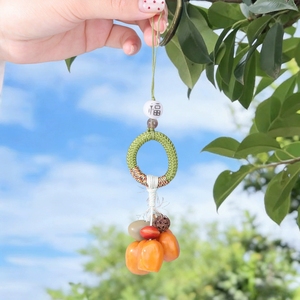 Wholesale Handmade Lucky Fu Bead Plant Fruit Shell Hanging Decor <b>Wind</b> <b>Chime</b> Pendant Ethnic Folk Handicraft Key Accessories - Product Image 4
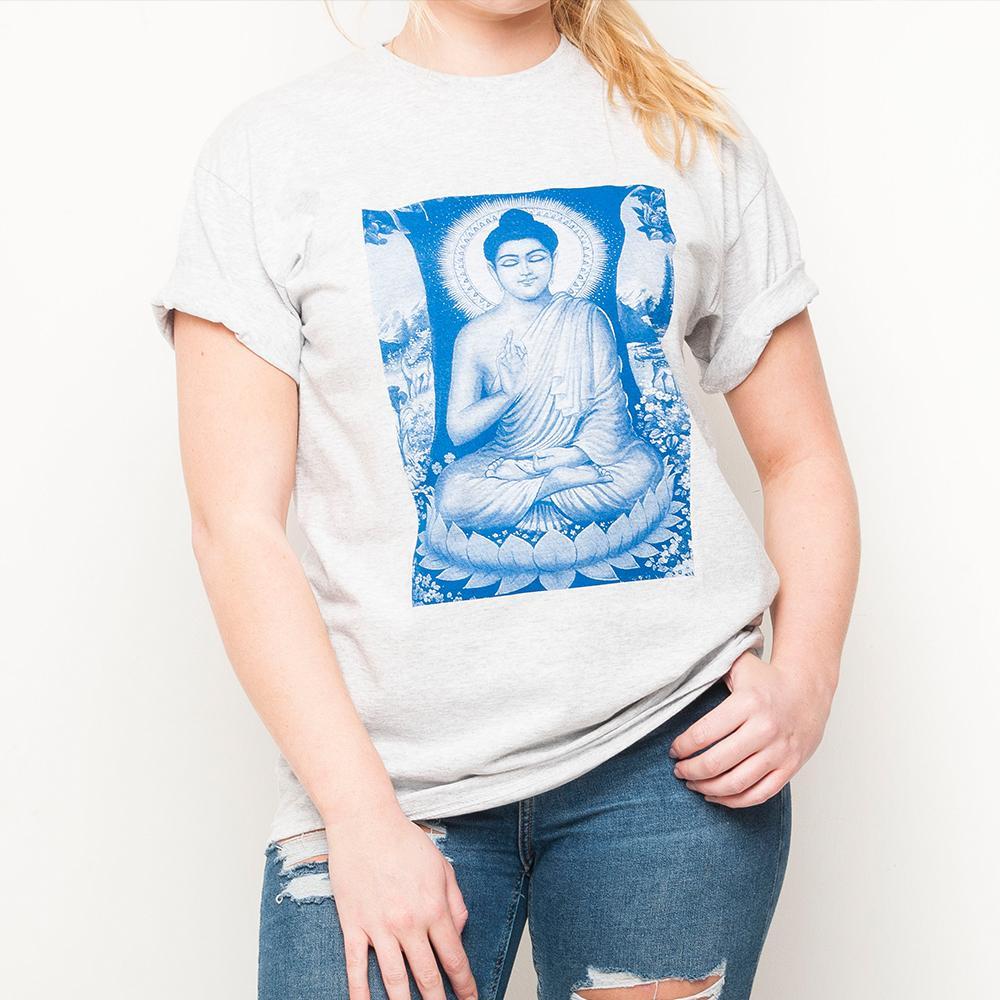 H&L - Buddha - Womens T Shirt - Grey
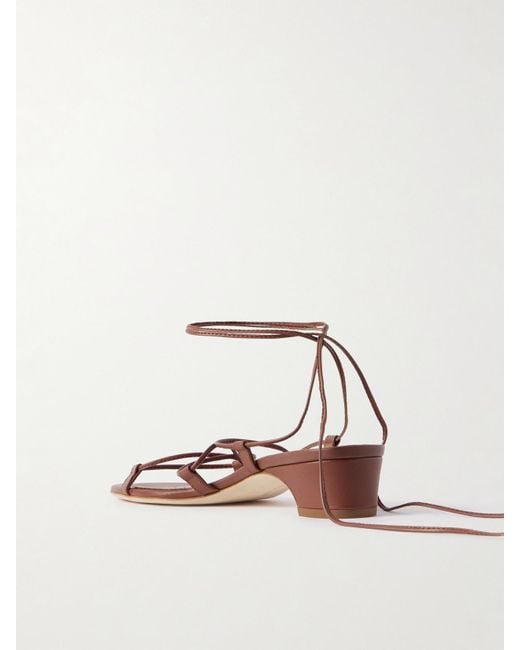 Manolo Blahnik White Dellasan 30 Leather Sandals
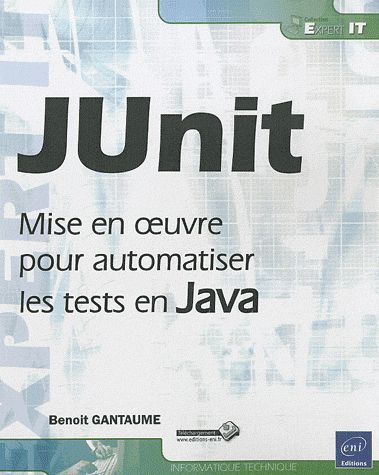 Produktbild: JUnit - Mise en oeuvre pour automatiser les tests en Java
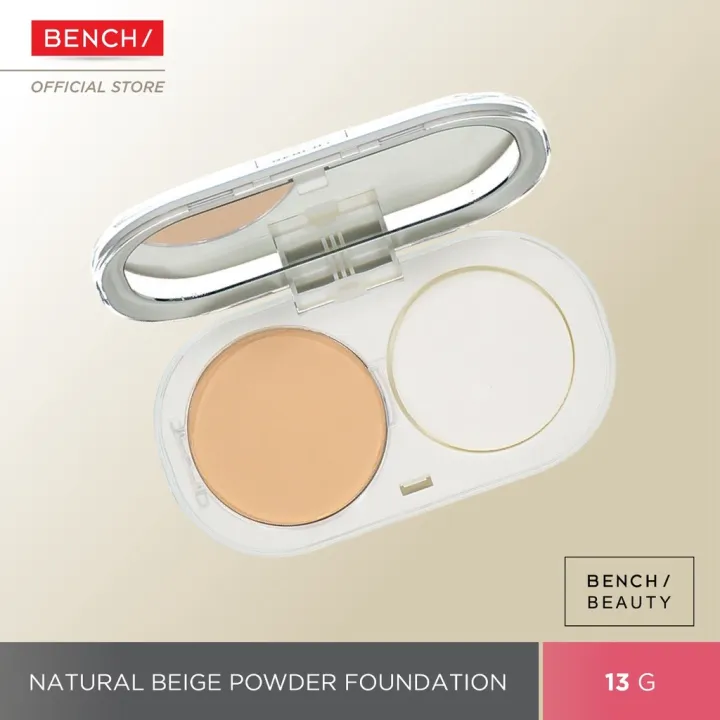 THW9003B BENCH Beauty Powder Foundation Natural Beige bench pinoy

--- --- ---

Where a record holds a picture, skip the picture and copy everything else exactly.

 Wholesale Handmade Lucky Fu Bead Plant Fruit Shell Hanging Decor <b>Wind</b> <b>Chime</b> Pendant Ethnic Folk Handicraft Key Accessories - Product Image 4
 H&L - Buddha - Womens T Shirt - Grey
 Manolo Blahnik White Dellasan 30 Leather Sandals
 Produktbild: JUnit - Mise en oeuvre pour automatiser les tests en Java
 THW9003B BENCH Beauty Powder Foundation Natural Beige bench pinoy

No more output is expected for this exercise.